Back when I lived in the mountains above Los Angeles, I used to walk Archie, my dog, to the rim just about every day where I could look out over the city, and the dog could pad around, sniffing and exploring, chasing a lizard or squirrel. I loved looking down like that on the city I commuted to every day, but I liked it so much more when the hikes were foggy.

There’s something about walking in fog in the middle of a forest. Someone told me once that one of the effects of playing the didgeridoo is that the player is in a kind of trance dream state. It’s an interesting feeling and a little of what the forest fog walks are like. We’d be out there in the middle of the woods listening to the slow drips of dew, lost in our own world of thought, and then a bear would come ambling by. Neither I nor Archie would be surprised. The bear wouldn’t be either. She’d just move on her way.

There were other things that might have seemed surprising too, cars abandoned where there were no roads, a coyote who thought he was alone and playing with an old rag like a pup, stones stacked as monuments by local kids. Nothing was surprising here, and it felt like everything was as it should be out in the cool, nearly silent morning air.

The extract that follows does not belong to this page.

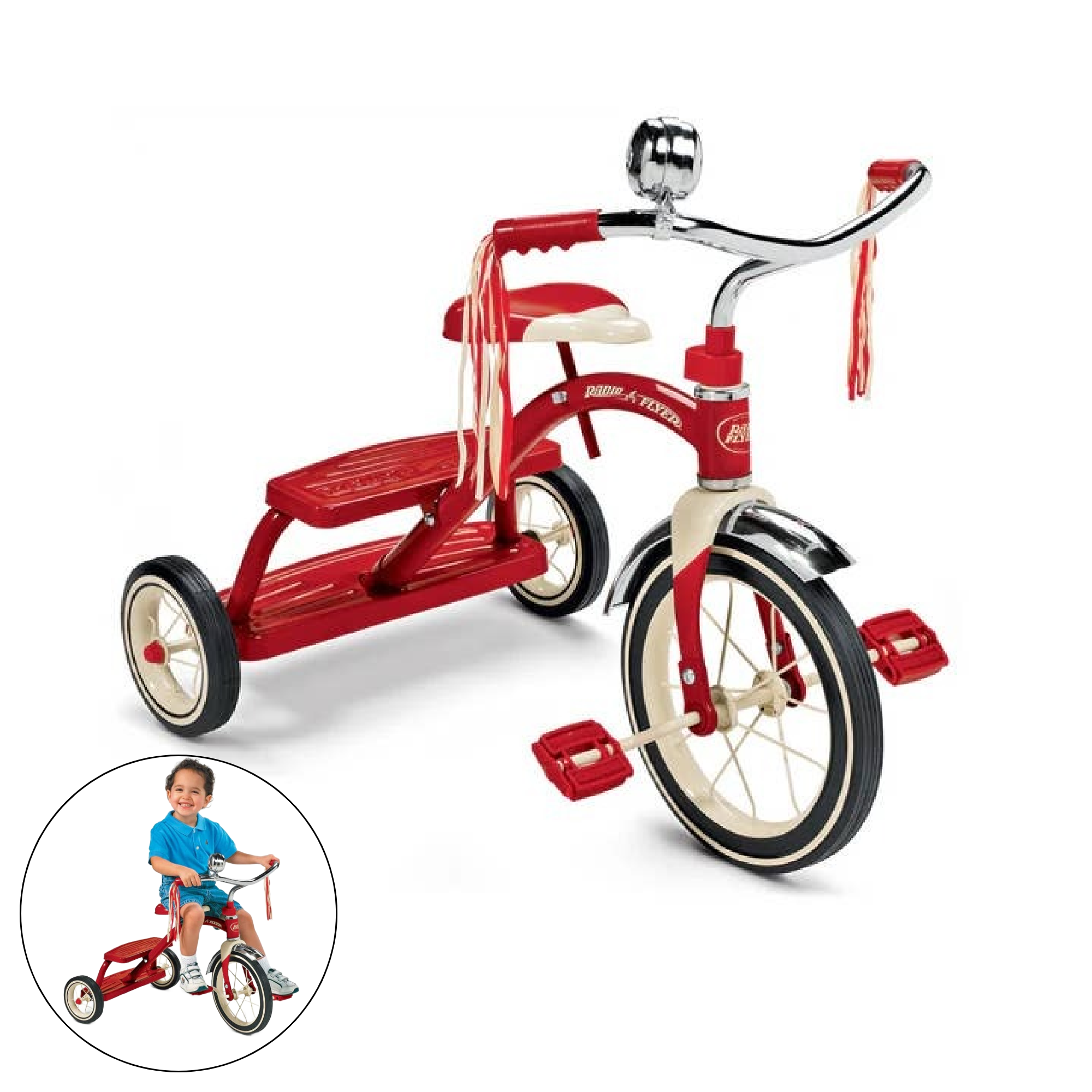 Radio Flyer Classic Red Dual Deck Tricycle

The only thing that’s ever been comparable is that willing suspension of disbelief when I’m reading. It’s dreamtime same as the didgeridoo, same as fog walks. I love a writer who can drag me out into the fogscape and make me believe that not only do I belong there but so does everything else I’m seeing. Pat Barker’s been taking me back to World War One lately. Bonnie Hearn Hill took me on an adventure the other day.

Even better than that though is when I do it to myself. When I get into that space in my own stories, that’s a magic that I haven’t felt since I was ten years old and my conservative teacher forbid me from reading J. R. R. Tolkien. That was the best gift that person could have ever given to me.

3 comments:

Charles Gramlich said...

I like that. a bit different take on "walking around in a fog." :)

William Doonan said...

We all need a hinterland. Reading gives us that. Writing gives us the power to shape it.

Liane Spicer said...

I'd love to walk in fog, but we don't get that around here. Closest was swirling mist at the top of a local mountain years ago. It was unbelievably magical. I sweated up that mountain a second time mostly for that experience at the top, but it was a clear, mist-free day. All pain no gain.

You're joking about that bear, though, aren't you?